The government this morning unveiled an exposure draft of its much-anticipated legislative response to the increased use of encrypted communications services.
The bill “will allow law enforcement and interception agencies to access specific communications without compromising the security of a network,” said law enforcement and cyber security minister Angus Taylor.
The measures in the bill “expressly prevent the weakening of encryption or the introduction of so-called backdoors,” the minister said.
Since the government in July last year first committed to legislation to tackle law enforcement agency access to encrypted communications services, it has repeatedly claimed that any new law would not compel a communications provider to create ‘backdoors’.
The draft bill, unveiled this morning, outlines three types of assistance that may be sought by law enforcement and intelligence agencies. The first is essentially a request for voluntary cooperation on a range of technical measures (which could, for example, include handing over certain types of information or be as simple as an explanation of how a particular service works or the format of certain data).
A second level — “technical assistance notices” — would compel the subject of a notice to assist an agency using already existing capabilities; for example, if a service provider had access to the relevant encryption key, then they could be forced to use it to decrypt a user’s data.

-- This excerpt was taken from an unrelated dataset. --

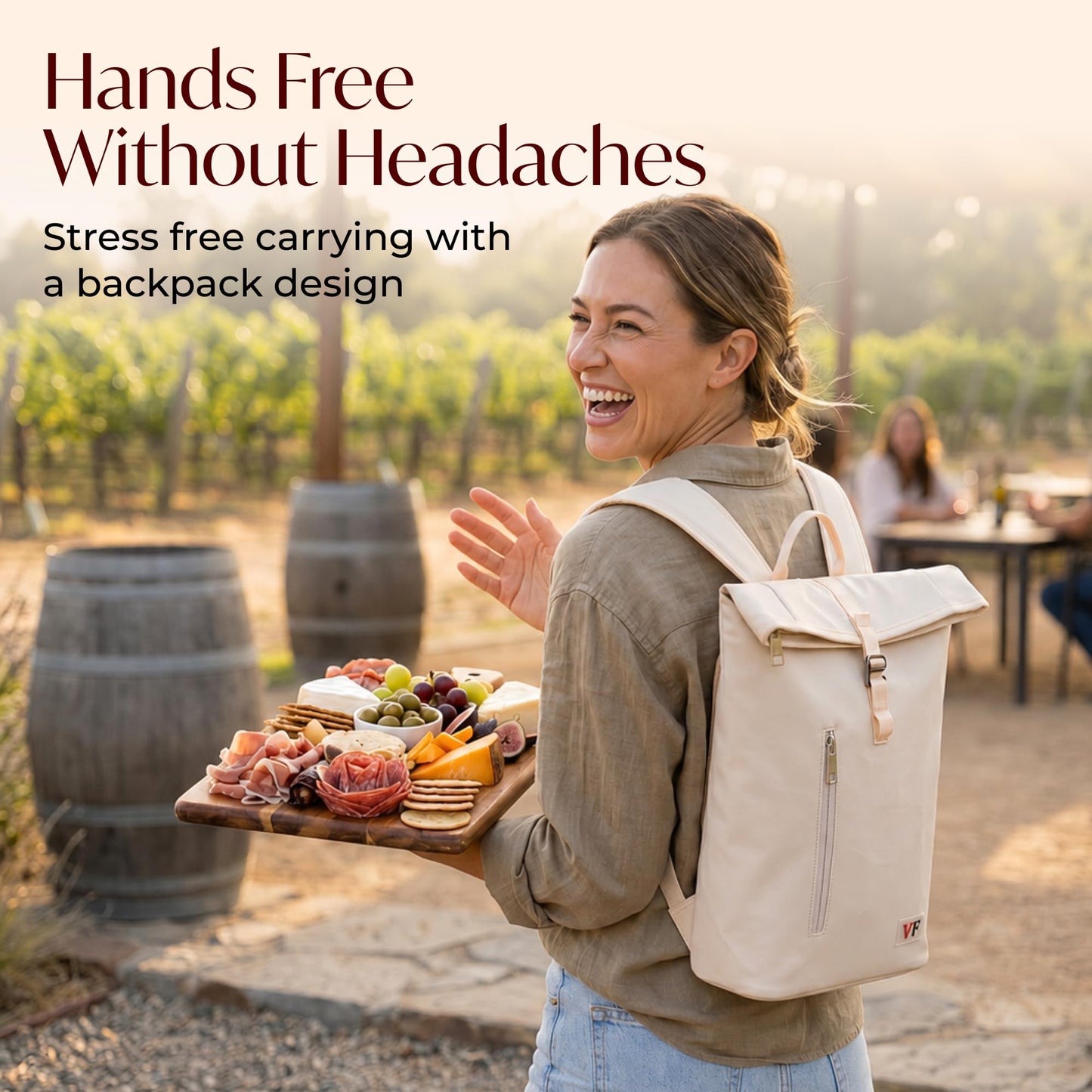 VIN FRESCO Two Bottle Rolltop Wine Tote Bag – Stylish PU Leather Backpack with Matching Tumblers – Wine Carrier with Padded Straps and Compartments for Travels & Picnics (Beige)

The third level of assistance — “technical capability notices” — would force a company to build a whole new technical capability or capabilities to assist agencies. The power is subject to sign-off by the attorney-general.
The list of types of assistance that an agency can seek with either a technical assistance or a capability notice is extensive. A non-exhaustive list includes removing “one or more forms of electronic protection” i.e. encryption — “that are or were applied by, or on behalf of, the provider”; installing, maintaining or testing software or hardware; facilitating access to a facility, customer equipment, a device, a service or software; assisting with the “testing, modification, development or maintenance of a technology or capability”; and “substituting, or facilitating the substitution of, a service” (i.e. some form of spoofing).
An explanatory document accompanying the government’s draft bill stats that technical assistance notices and technical capability notices cannot require a service provider “to implement or build a systemic weakness, or a systemic vulnerability, into a form of electronic protection”, which includes “forms of encryption or passcode authentication, such as rate limits on a device”.
The document adds: “providers cannot be asked to implement or build so-called ‘backdoors’ into their products or services” [emphasis in original].
That prohibition presumably means that ASIO can’t request that WhatsApp build some master key system that allows it to just snoop on anyone’s conversations.
The relevant section of the act — 317ZG — is reasonably short. A technical assistance or capability notice must not have the effect of “requiring a designated communications provider to implement or build a systemic weakness, or a systemic vulnerability, into a form of electronic protection” or preventing them from fixing a systemic weakness or vulnerability.
In an attempt to assuage concerns, the draft bill goes on to explicitly state that the prohibition covers any requirement to “implement or build a new decryption capability in relation to a form of electronic protection” or to actions that would “render systemic methods of authentication or encryption less effective”.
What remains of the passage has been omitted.